I was irritable last night. I wasn't pissed off at anyone or anything in particular; it was just a general sort of need to vent after being in physical discomfort all day long and being stressed out about all the things I need to get done. Oh, and did I mention that being pregnant can make a person extra emotional?

It was late and I wanted to sleep and the baby was wildly flipping out and flailing around inside me.

"Oof," I said.

"What?" Pär said, lying next to me in bed.

"Feel this." I guided his hand to feel the bizarre bulge that was slowly drifting across my stomach.

"Whoa!" he said, prodding at the knee or foot or tentacle or whatever it was moving under there. "What the hell is that? We have a demon child."

"I'm so chock full o' Tot I don't know how there's room for the baby to move at all any more."

The baby started doing its steady-pounding-on-mommy trick. This is when I feel a very light punch in the same place at more or less regular intervals for a while. Pär and I have speculated on what Small Tot could possibly be thinking to find this activity interesting. But then we consider what else Tot has to do with its time in there, and we figure that monotonously pounding on the wall is probably about as stimulating as any other entertainment options.

"[Someone we know] asked again whether I can feel the baby hiccuping," I said. "He keeps asking me that. He's obsessed with how exciting it is that babies hiccup."

"I've heard other people talk about that too," Pär said. "It seems to be a big deal, people get all worked up about it."

"I don't see why."

"What I don't understand is how a baby can hiccup in the womb. Don't you need to be breathing air in order to hiccup?"

"I thought you did. Maybe it's not really hiccups, that's just some cutesy name that people came up with to describe when a baby twitches or something."

"It sounds as though they are talking about real hiccups."

"Huh. I don't get it. What's the big deal? I can see taking an interest after the baby's born, if it's in distress. But if your baby is hiccuping in utero, what are you going to do about it anyway?"

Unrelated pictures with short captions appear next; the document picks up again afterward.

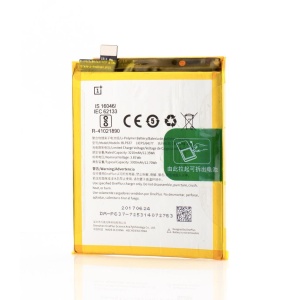Acumulator OnePlus, BLP637, OEM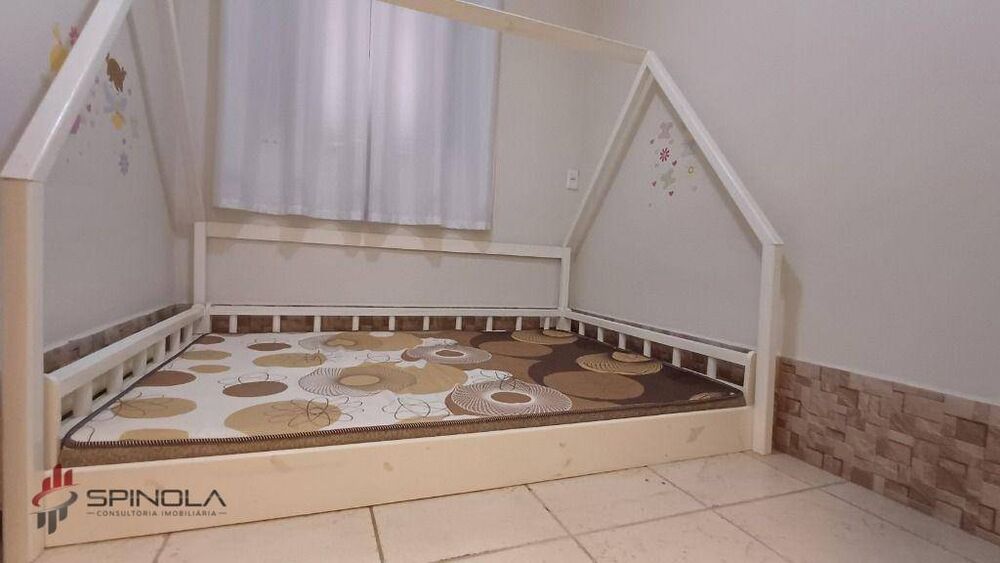 Sobrado à venda com 3 quartos, 211m² - Foto 11
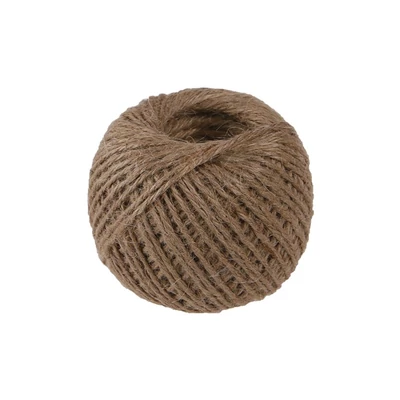 Juta kötözőzsineg 80g (60m)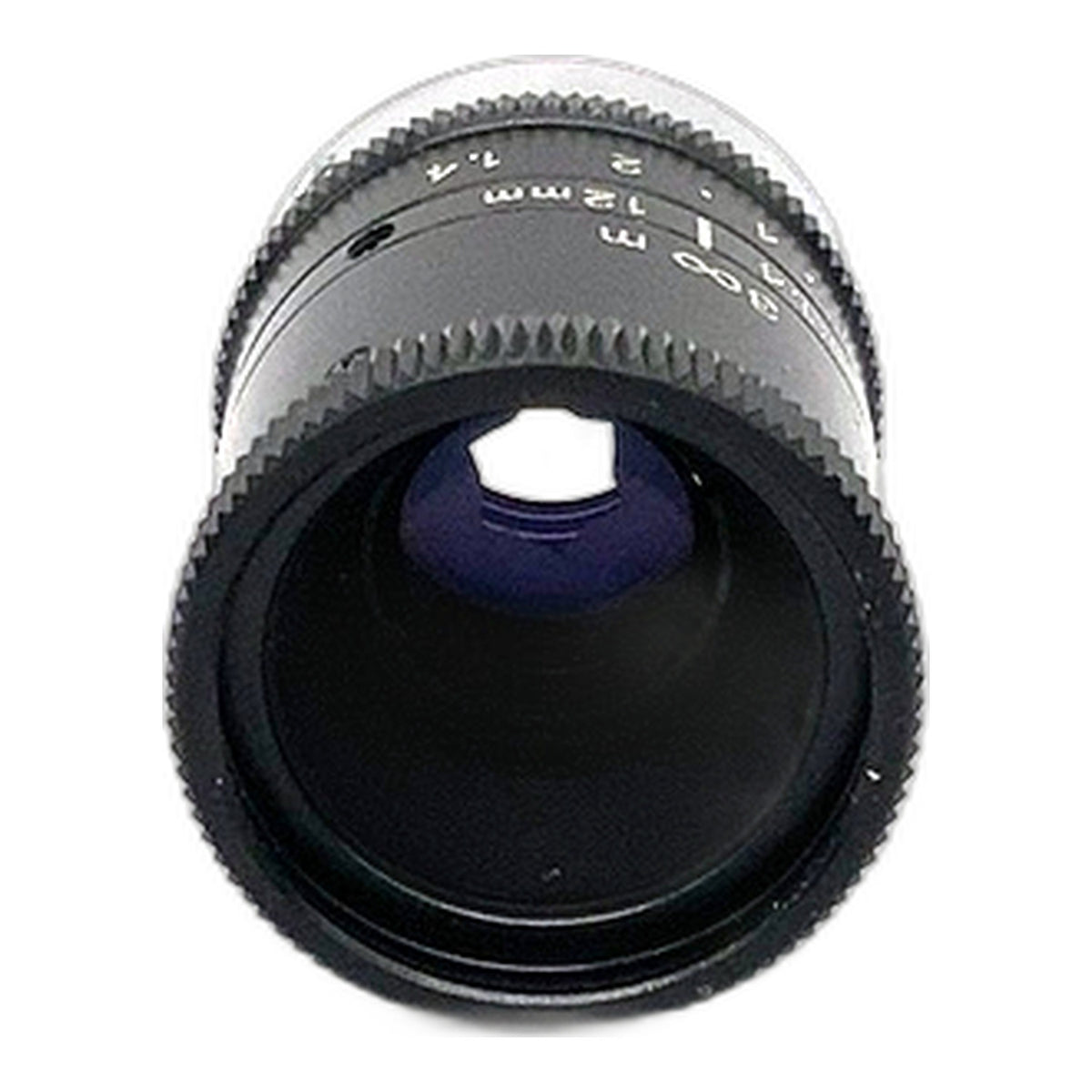 Sony VCL-12S12XM 12mm 1:1.4 Objektiv für XC-999 XC555 777a XC999 (NF-Mount)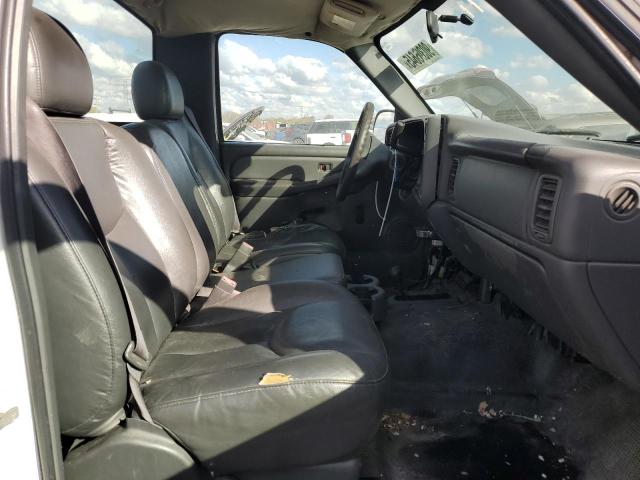 2004 GMC SIERRA K25 #3275442713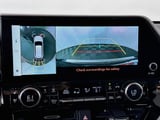 2026 Toyota Highlander - Preview 14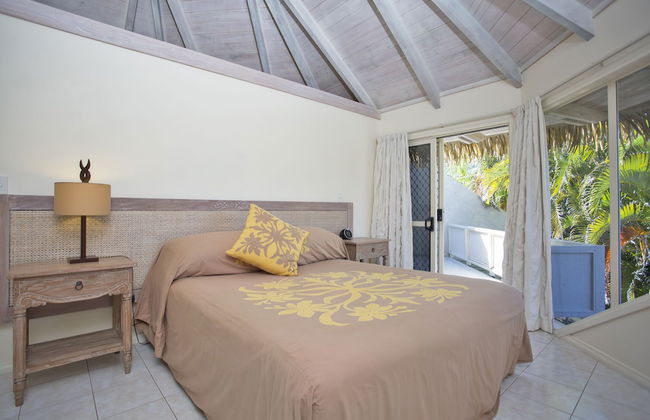 Te Manava Luxury Villas - Foto 19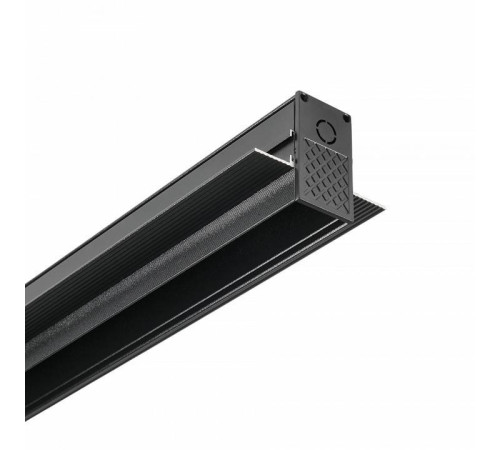 Трек встраиваемый MyFar Technical MT0202-3B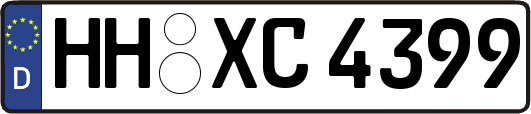 HH-XC4399
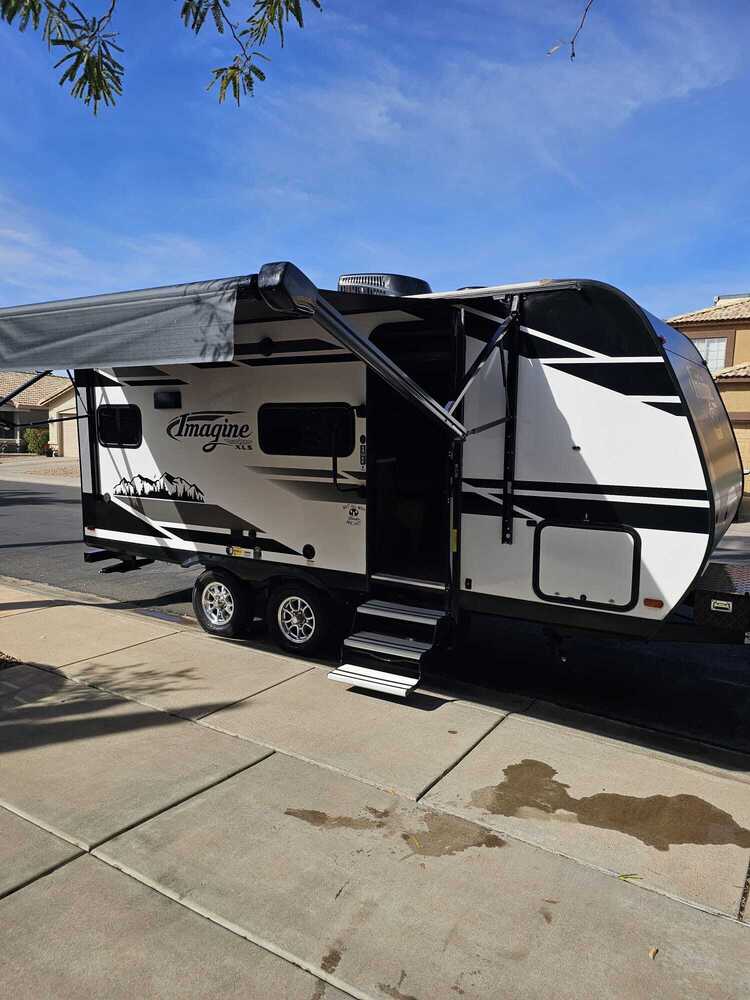 Photo of Rv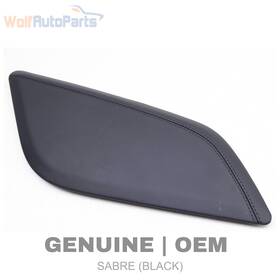 Audi 4g0863305g 2013-2014 2016-2018 S7 - Left Center Console Trim Panel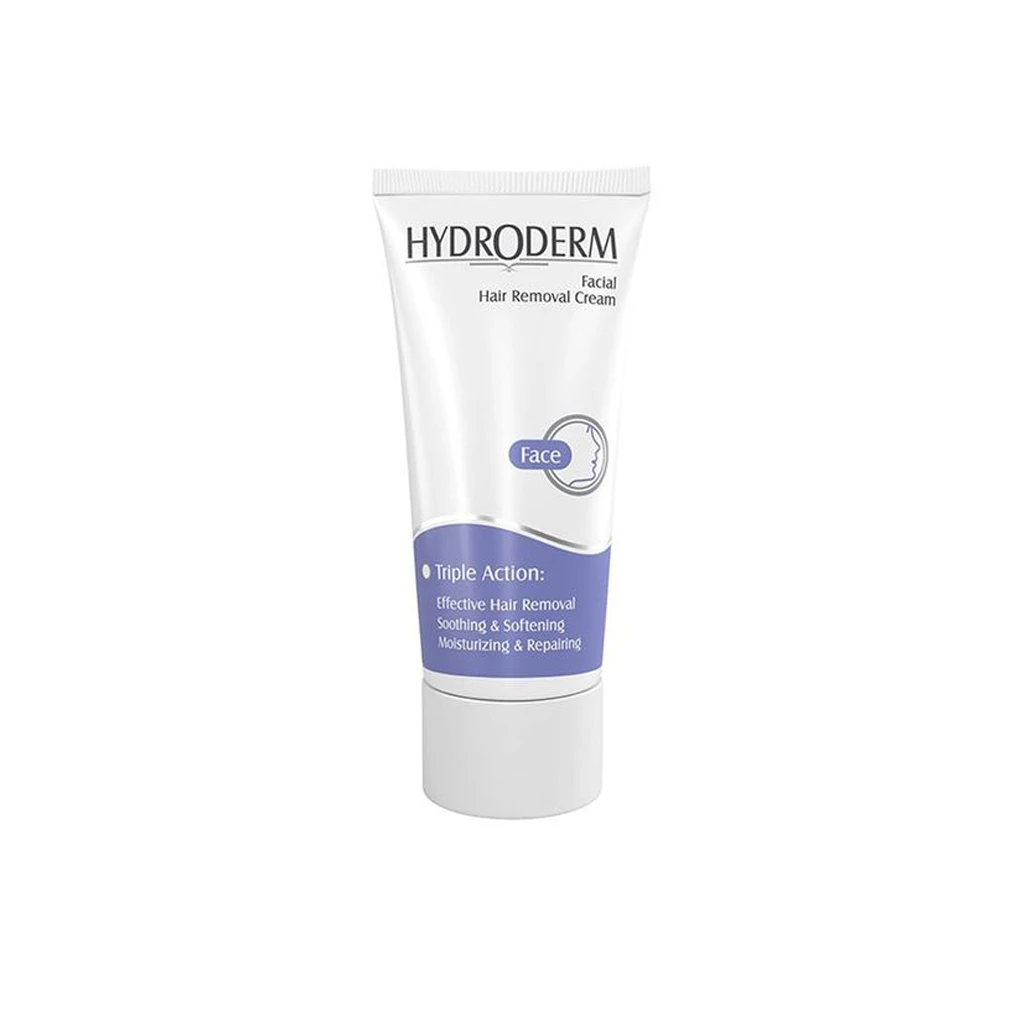 Facial-Hair-Removal-Cream-40g-HYDRODERM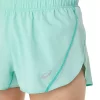 Pantalón corto ASICS Silver Split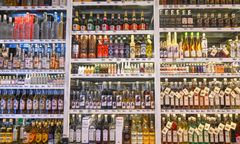 Zakaz wchodzi w życie. W nocy alkoholu w tym mieście już nie kupisz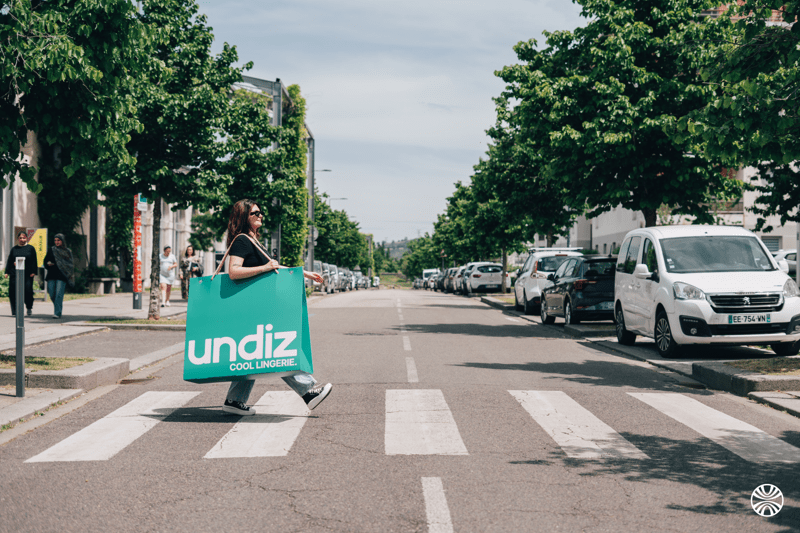 Chef de projet stratégie de communication (F/H) image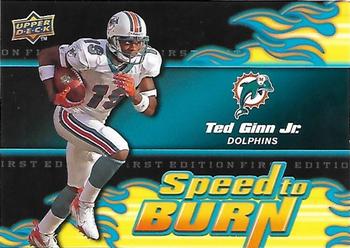 Ted Ginn Jr.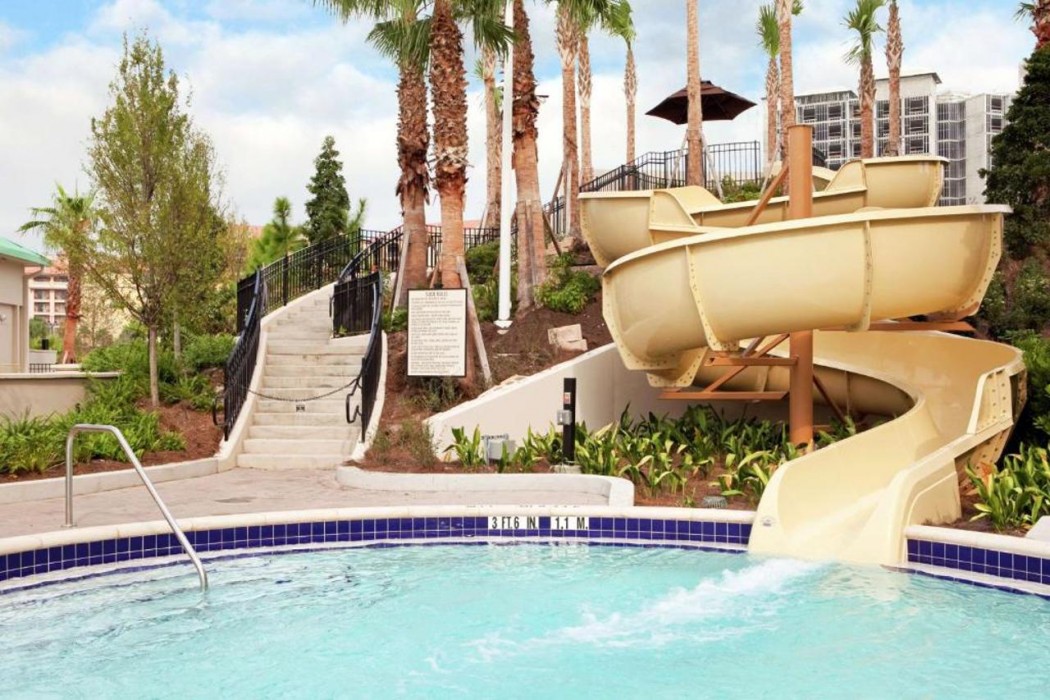 Signia by Hilton Orlando Bonnet Creek 42/78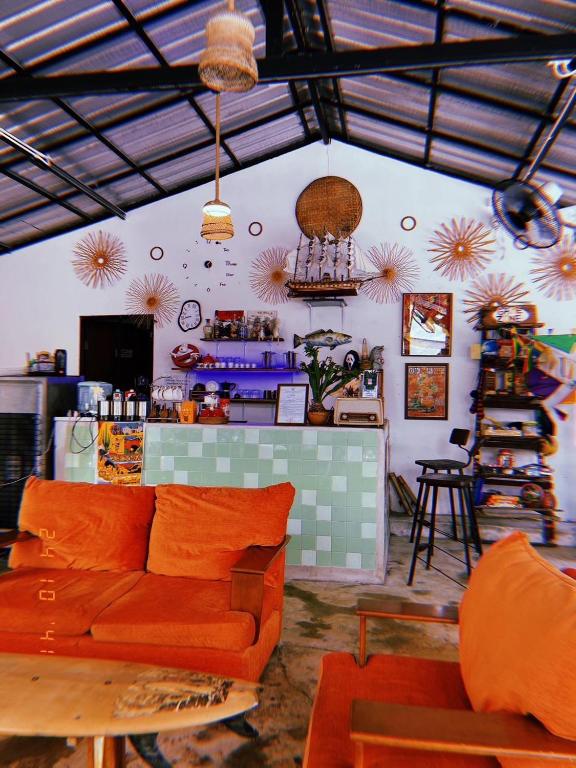 Tropical Hostel photo 3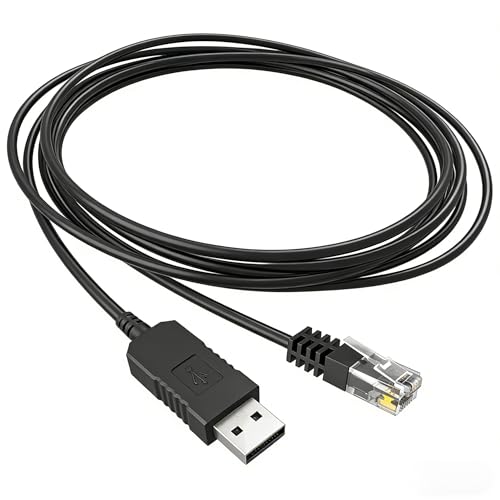 Radar Detector Power Cord for Beltronics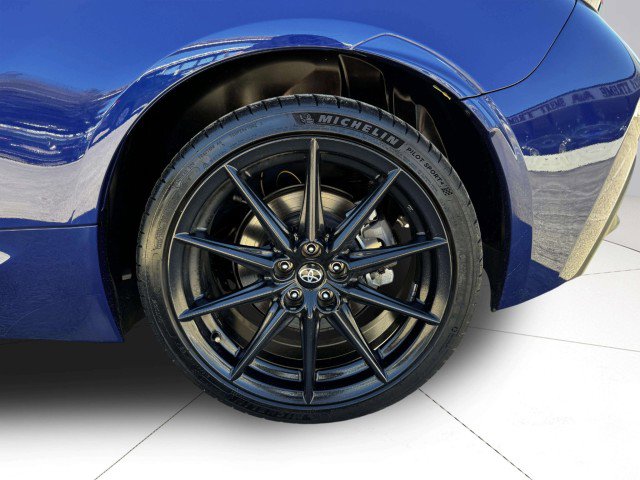 Used 2023 Toyota GR86 Premium image 42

"Scare the baby so the hiccups go away?"

"Oh, sure." I lifted myself up for a moment, twisted around, and then fell back onto the bed. "There you go, Tot, wasn't that scary? Thrills and chills, baby! Hoo boy, I'll bet you were reeeaally freaked out by the sudden unexpected approach of my spleen!"

Pär was quietly laughing.

"It's so stupid!" I burst out, trying in vain to turn onto my side and get more comfortable. "Whether it's hiccups or kicking, what's the fucking difference? Either way the baby's fine and it stops doing it after a minute or two, so who fucking cares? Do people think it's cute? It's not fucking cute!"

Pär couldn't stop laughing.

"What?" I snapped.

"You are one giant crab!"

"I am crabby," I snarled. "But I don't understand why people get excited over a baby hiccuping! Who! fucking! cares!"

This is what my mood has been like by the end of the day, all week long. I'm a real sweetheart. This ninth month is going to be a fun one for Pär, eh?